Once inside the library, I must immediately intervene with the child’s incurable need to place every book at the circulation desk inside the drop box. I lunge to prevent his disposing of an elderly lady’s stack of books ready for checkout and push him in the direction of the children’s section. There he stares at the summer-themed beach décor, gazes at the colourful fish in the aquarium, tosses around some stuffed animals. Sitting down to read actual books doesn’t occur to him naturally until I forcibly do it.
One day, though, the cover is off the aquarium because the librarian is in the process of cleaning it. She is absent when we arrive and the child takes advantage of this opportunity to stick his hands right in the water. The fish flee from this strange invading monster. The librarian returns just as I realize what’s happening. We both yell at him to stop, which he fortunately does. I apologize and haul him off to read with me.
I need some fresh reading material for myself, so we head upstairs. The child stomps up the old wooden staircase of this magnificent Carnegie library, deriving as much pleasure from the noise as I feel embarrassment. He takes off when we get to the top, but that’s okay. His favourite spot is the magnifying machine, with a huge red ON button and a light that magnifies onto a big screen whatever is placed beneath it. He likes to examine his hand up close. It buys me time to peruse a couple shelves before he decides to start reorganizing the Dewey Decimal System. Occasionally I find him in the middle of a pile of twenty or thirty books that he has pulled off the shelf, thanks to a single tantalizing cover photo of an ATV, or a big rig, or an ambulance. He has to see if there are any more like it.

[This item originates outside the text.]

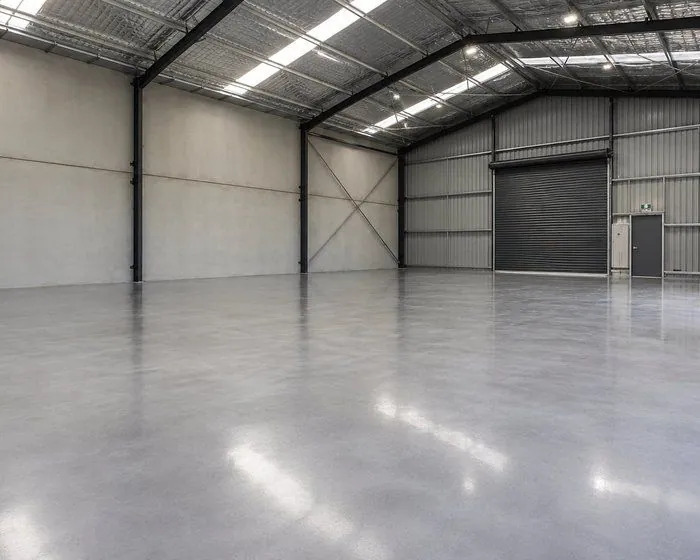 Grind and seal shed floor Polished and sealed concrete floor in a large industrial shed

We finally get back to the checkout counter. We usually forget his special library card, but when we do have it, he gets a little cutout stamp. Five stamps equal a toy from the treasure chest. He doesn’t have his card today. He tries to convince the librarian to give him a toy anyways. She’s smart; he never succeeds. As I check out the books, pay my usual overdue fines, and jiggle the now-fussy baby, the child plays with the automatic door opener. He lets himself into the foyer, looks back with a challenge in his face, then lets himself out the front door. I chase after and haul him back in. Then he plays with the hand sanitizer dispenser, squirting it straight onto the floor.
Finally we explode from the door – mommy frustrated not to have found the book she wanted, baby ready for lunch, child begging to hold the ATV book. Our walk home takes ten minutes because I’m pushing hard. We’ll repeat the whole ordeal in a week’s time because, despite the chaos, having new reading material always makes it worth the battle. It’s a necessity for my very survival as a sane mother.